**EXERCISE DETAILS:**
Restate word for word the entries below, starting with the line with "Przebieg procesu karnego" and continuing through the line with "MOUNTAINS CALLING". Include both of those lines and no others.

**RECORDS PROVIDED:**
....
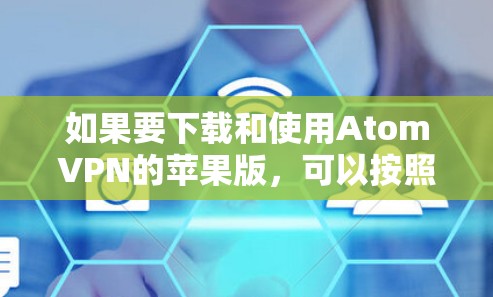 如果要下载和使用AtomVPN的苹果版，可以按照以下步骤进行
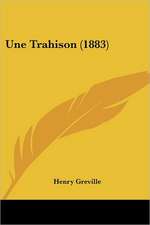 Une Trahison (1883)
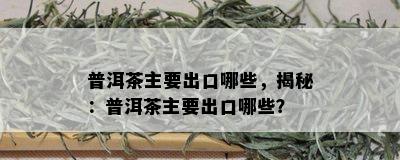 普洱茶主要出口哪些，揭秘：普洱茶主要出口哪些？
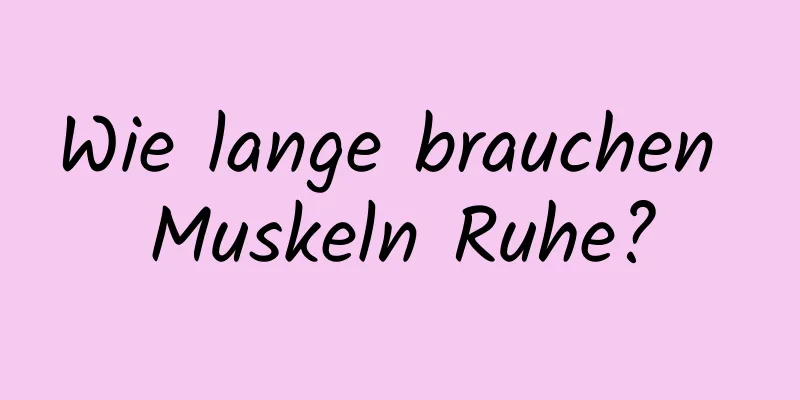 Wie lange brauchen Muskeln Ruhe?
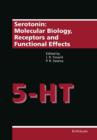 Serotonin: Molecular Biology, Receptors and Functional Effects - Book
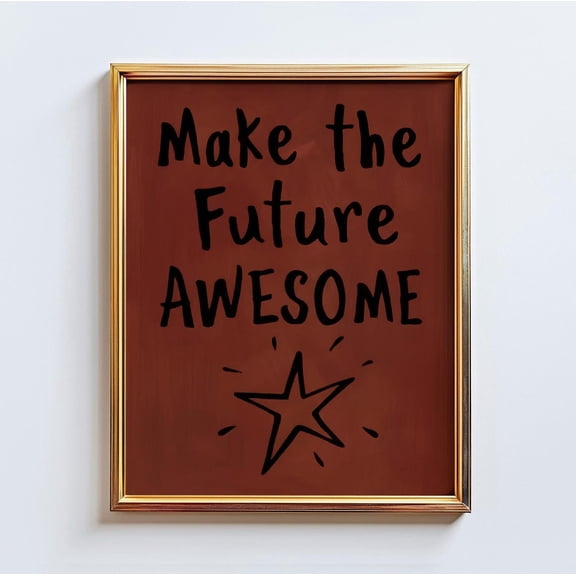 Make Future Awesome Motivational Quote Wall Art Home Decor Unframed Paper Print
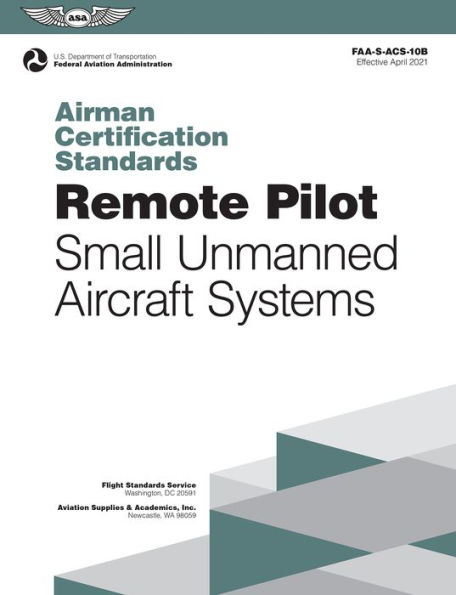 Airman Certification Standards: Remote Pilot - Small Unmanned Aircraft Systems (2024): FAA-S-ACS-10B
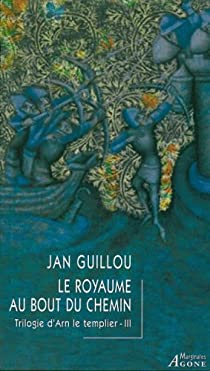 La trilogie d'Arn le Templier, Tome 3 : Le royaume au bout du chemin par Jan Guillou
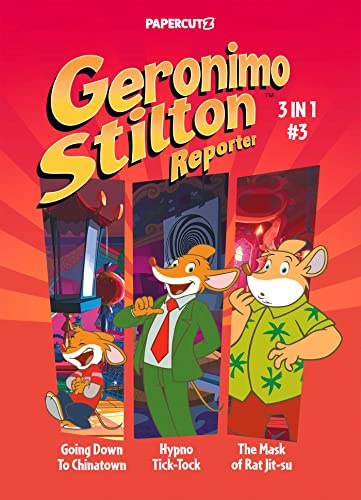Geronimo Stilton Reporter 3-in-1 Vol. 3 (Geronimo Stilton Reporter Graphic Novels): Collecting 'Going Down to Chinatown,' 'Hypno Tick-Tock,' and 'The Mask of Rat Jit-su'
....
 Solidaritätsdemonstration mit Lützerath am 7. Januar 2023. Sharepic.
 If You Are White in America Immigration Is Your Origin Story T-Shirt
....
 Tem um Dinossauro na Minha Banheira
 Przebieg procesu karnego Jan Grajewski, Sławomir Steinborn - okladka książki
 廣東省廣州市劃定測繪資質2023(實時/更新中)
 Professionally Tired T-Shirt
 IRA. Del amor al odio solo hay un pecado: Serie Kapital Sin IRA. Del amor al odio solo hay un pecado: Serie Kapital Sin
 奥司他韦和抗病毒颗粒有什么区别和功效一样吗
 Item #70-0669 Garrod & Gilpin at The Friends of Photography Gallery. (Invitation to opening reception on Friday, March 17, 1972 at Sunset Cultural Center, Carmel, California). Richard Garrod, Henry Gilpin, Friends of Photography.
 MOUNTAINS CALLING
....
**ANSWER BELOW:**
 Przebieg procesu karnego Jan Grajewski, Sławomir Steinborn - okladka książki
 廣東省廣州市劃定測繪資質2023(實時/更新中)
 Professionally Tired T-Shirt
 IRA. Del amor al odio solo hay un pecado: Serie Kapital Sin IRA. Del amor al odio solo hay un pecado: Serie Kapital Sin
 奥司他韦和抗病毒颗粒有什么区别和功效一样吗
 Item #70-0669 Garrod & Gilpin at The Friends of Photography Gallery. (Invitation to opening reception on Friday, March 17, 1972 at Sunset Cultural Center, Carmel, California). Richard Garrod, Henry Gilpin, Friends of Photography.
 MOUNTAINS CALLING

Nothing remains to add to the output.